<9th Dec Sun>
今日は休暇。今から親子3人でハリーポッターのセットが見学できる撮影所に行ってきます。
ミュンヘン旅行記を楽しみにしてて下さる方には申し訳ないのですが、その前に急いで片付けたいコンサートレポートを先にします。ミュンヘンに行く直前に行ったチェチリア・バルトリ、やっぱり彼女はすっ飛ばすわけにはいきませんもんね。
尚、ミュンヘン記事はあと2つの予定ですが(オペラと日曜の観光)、一番手間の掛かる写真選びは終わったので(クラウス君のは迷って大変だった)、あと一息です。
------------------------------------------
バービカンのGreat Performersシリーズの中でも一番人気に違いないバルトリ姐のコンサートはフレンズ予約が始まったら真っ先にゲットしに行くんですが、今回(今年初めですが)も首尾よくかぶりつき席を確保。まだ良い席が残っていたので、誰か行きたい人がいるだろうと、ついでにに買っておきました(←出た、椿姫お節介エージェンシー)。
しかし、最近値上がりの著しいバービカン、天下のバルトリでも切符が売り切れるまでには随分時間が掛かったのでのリターンするわけにもいかず、「高くても行きたいけど都合がつかなくて残念」、或いは「行きたいし行けるけど、85ポンドはちょっと・・・」、という知り合いばかりで焦ってしまい、その上、コンサートの翌日からミュンヘンに行くことになって(正確に言うと空港泊ですが)余裕がないので、ああ、もういっそキャンセルしてくれたほうがいいかも、バルトリはかなり何度も聴いてるから新鮮味はないし、とすら思ってました。

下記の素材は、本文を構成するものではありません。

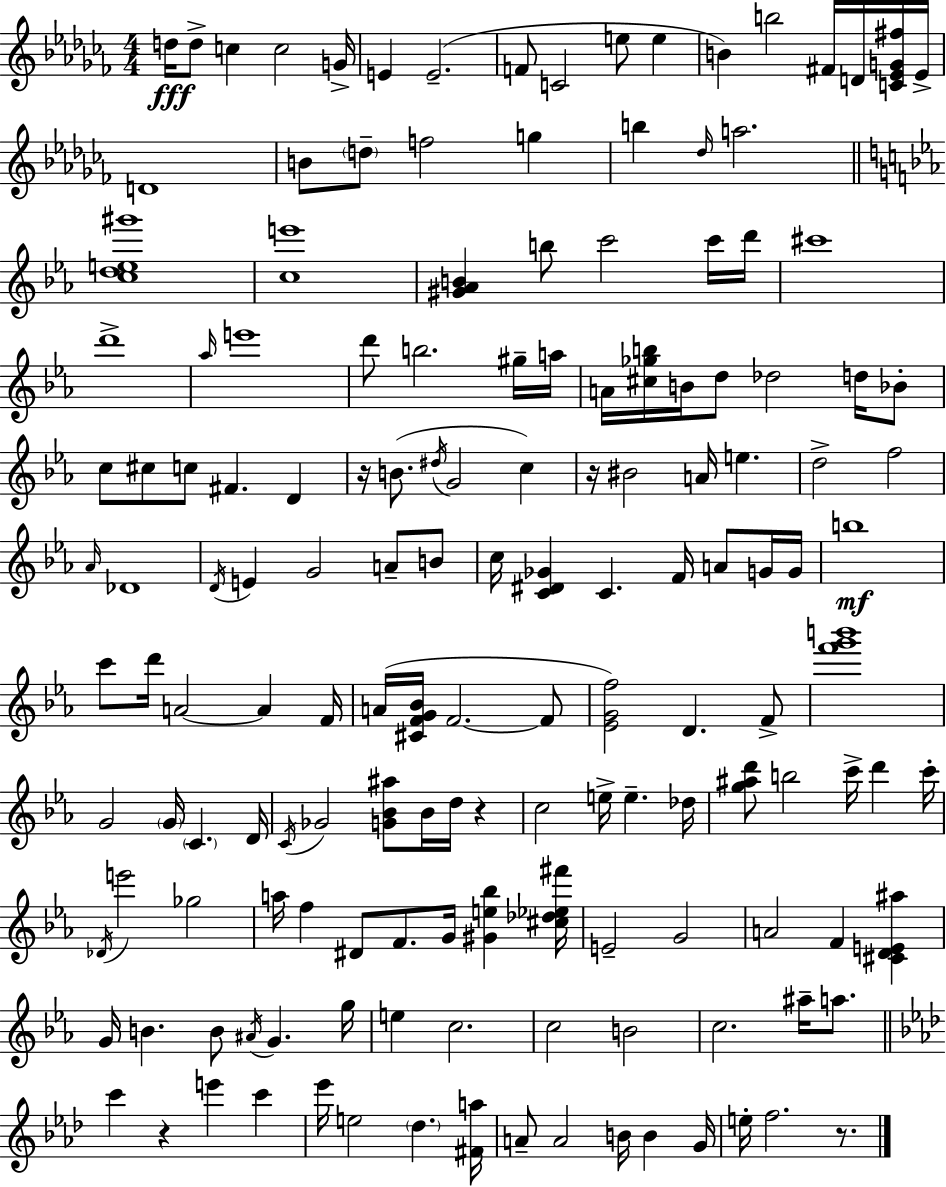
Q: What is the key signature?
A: AES minor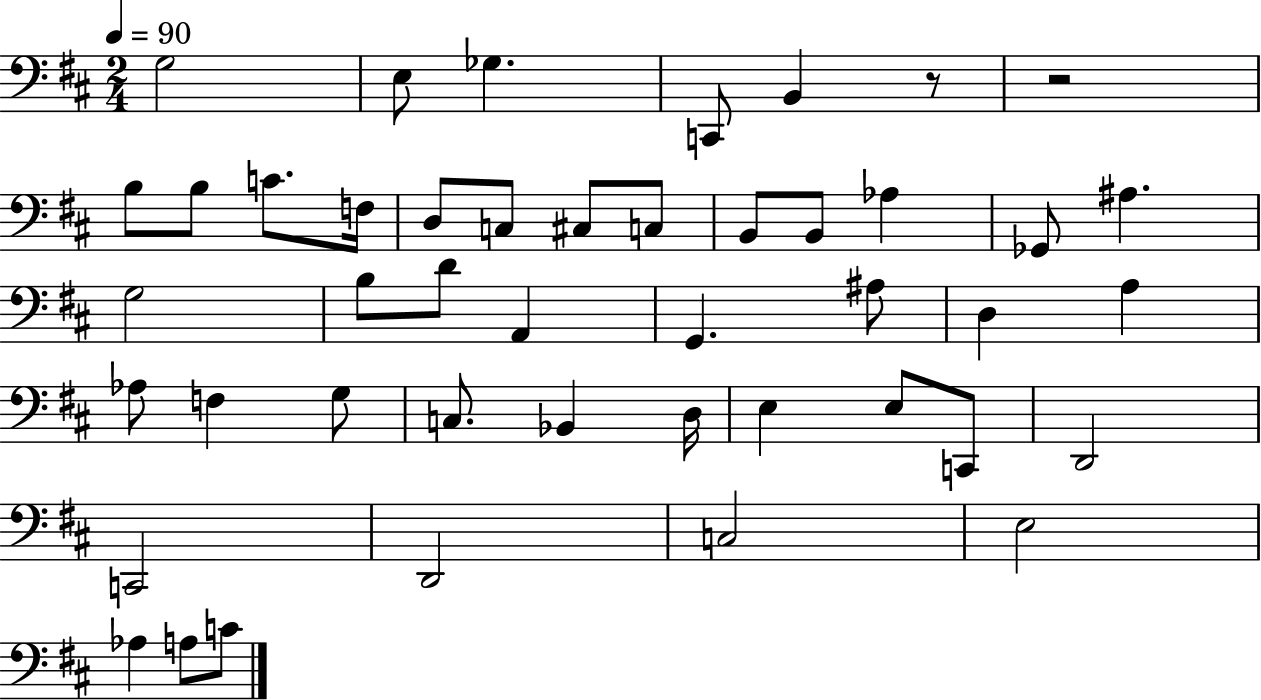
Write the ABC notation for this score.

X:1
T:Untitled
M:2/4
L:1/4
K:D
G,2 E,/2 _G, C,,/2 B,, z/2 z2 B,/2 B,/2 C/2 F,/4 D,/2 C,/2 ^C,/2 C,/2 B,,/2 B,,/2 _A, _G,,/2 ^A, G,2 B,/2 D/2 A,, G,, ^A,/2 D, A, _A,/2 F, G,/2 C,/2 _B,, D,/4 E, E,/2 C,,/2 D,,2 C,,2 D,,2 C,2 E,2 _A, A,/2 C/2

幸い、余分の切符を買って下さる超初心者の方も見つかったのですが、当日まで、楽しみというよりますます余裕がなくなるからなあ、とグダグダ言ってた私
でも、バルトリが歌うのなら行かないわけにはいかないし、こんな良い席をギブアップするのはあまりにも口惜しい・・・、と思いながら、着物で出掛けたら、なんと「彼女は体調が悪いですが、歌います」というアナウンス
うわーっ、それって最悪じゃない? 具合悪くてベストの歌唱ができないのならキャンセルする方が誠意ある行為ではないでしょうか?今まで、苦しそうに無理やり歌った歌手は何度も聴いてて、努力には頭が下がるし、ある意味感動するのですが、でも、やっぱりねえ、と複雑な気持ちで聴き始めました
で、のっけから機関銃のようなコロラチューラで始まり、いつものような滑らかさはないものの、おおぉ、いつもより凄いバルトリ節だとびっくり&安心したら、なんと、たしか2曲目とかでゲホゲホになってしまい、彼女が「気管支炎なのよ!」と叫びました。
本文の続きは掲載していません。